How early can I be induced?

This depends on many factors – how far along you were when your loss occurred and if you have other medical conditions in pregnancy such as high blood pressure, diabetes, preeclampsia.  

The earliest time you can be induced “electively” (i.e. you don’t have any medical issues or risk factors that would necessitate an induction), is at 39 weeks.  There is good data supporting a 39-week elective induction through the ARRIVE trial.

What will we do differently now in terms of medical care in pregnancy after loss?

It depends on when your prior pregnancy loss occurred and the medical circumstances/evaluation of the pregnancy loss. For first-trimester pregnancy loss, this can include more frequent visits during the first trimester. For families who experienced a later pregnancy loss/stillbirth, this can include monthly growth ultrasounds, monitoring of the baby starting at 32 weeks (non-stress tests), and an earlier induction/delivery (typically around 39 weeks).

I’m bleeding. When should I call and what does it look like when it’s dangerous?

I think it is always a good idea to call when you are bleeding no matter how far along you are with the pregnancy.  
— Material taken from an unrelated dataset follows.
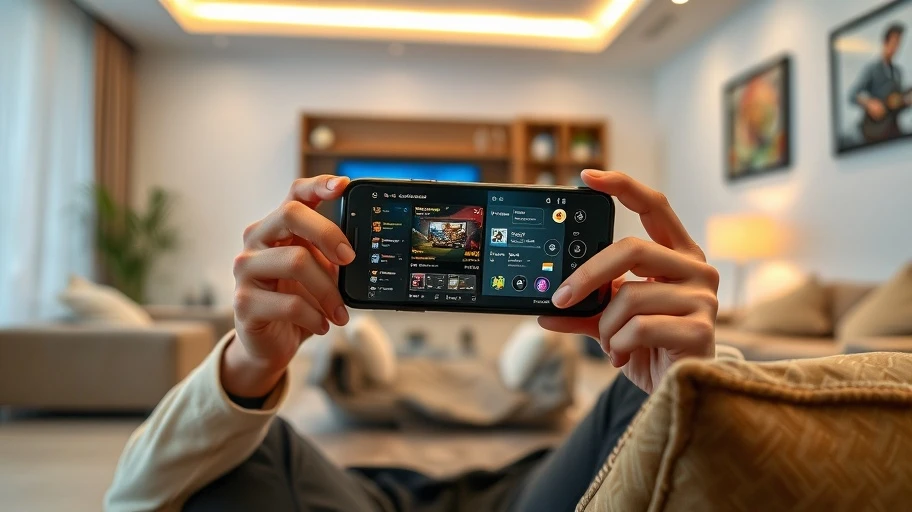 Hình ảnh một game thủ đang nhận mã code trên điện thoại thông minh.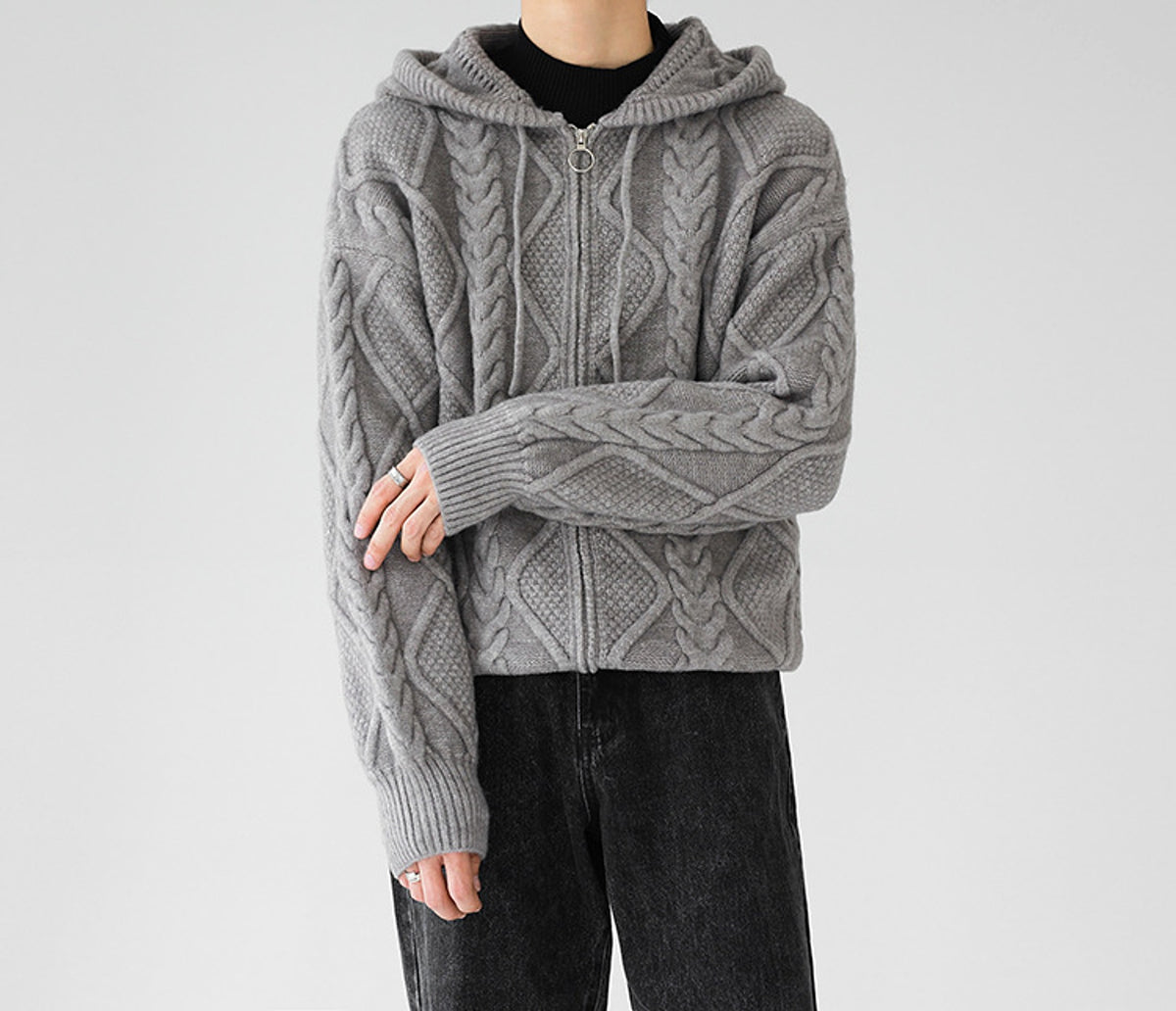 Men's Zipper Hooded Solid Color Loose Rhombus Plaid Coat - enhanced image 5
Every pregnant woman has had a moment where they’re nervous something is not normal and something bad is happening. It’s worse for a mom pregnant after loss. Overthinking and worrying is our M.O. The big question then is: Should I call you?

This is really common in pregnancy after loss. I would encourage women to have a conversation with their obstetric provider early in their pregnancy to discuss their concerns and identify times in pregnancy that may be points of increased stress and anxiety. Examples of this can include the gestational age of when they lost their last pregnancy or their anatomy ultrasound if they received devastating news at their ultrasound in a prior pregnancy. I really encourage and empower women to call whenever they need to. 

What method of delivery reduces the risk of death?

Typically, I would recommend vaginal delivery as the route of delivery unless there is a medical reason for a c-section (such a prior c-section, breech baby, etc.).  But, if a woman has concerns, stress, PTSD regarding a vaginal delivery, I would recommend talking with your obstetric provider about the route of delivery and the options that would be available to you.

How can I make sure that everyone involved in my medical care (clinic nurses, triage, labor and delivery, etc) know about my loss and act appropriately with my fears and anxiety? In other words, how can we make sure everyone has read my chart before talking to me?

I would encourage women to openly share the information about their loss to their OB provider and the RN in that clinic from early on in their pregnancy after loss care and to have a conversation with their providers regarding potential triggers during their pregnancy (for example, this can include times during pregnancy that their prior losses occurred, anniversaries, locations that may be triggers such as a particular exam room or ultrasound suite).

Ideally, anyone on the care team at the hospital should read your chart when you are admitted for labor and delivery. However, another way to ensure that your care team is aware of your loss would be to write a birth plan that you can bring to the hospital with you. 


The opinions, recommendations, or advice expressed in this article are not intended to treat or diagnose, nor are they meant to replace treatment by your obstetrician, midwife, or doula. These questions and answers are intended for informational purposes only. Please do not use this article as a substitute for medical advice, diagnosis, or treatment.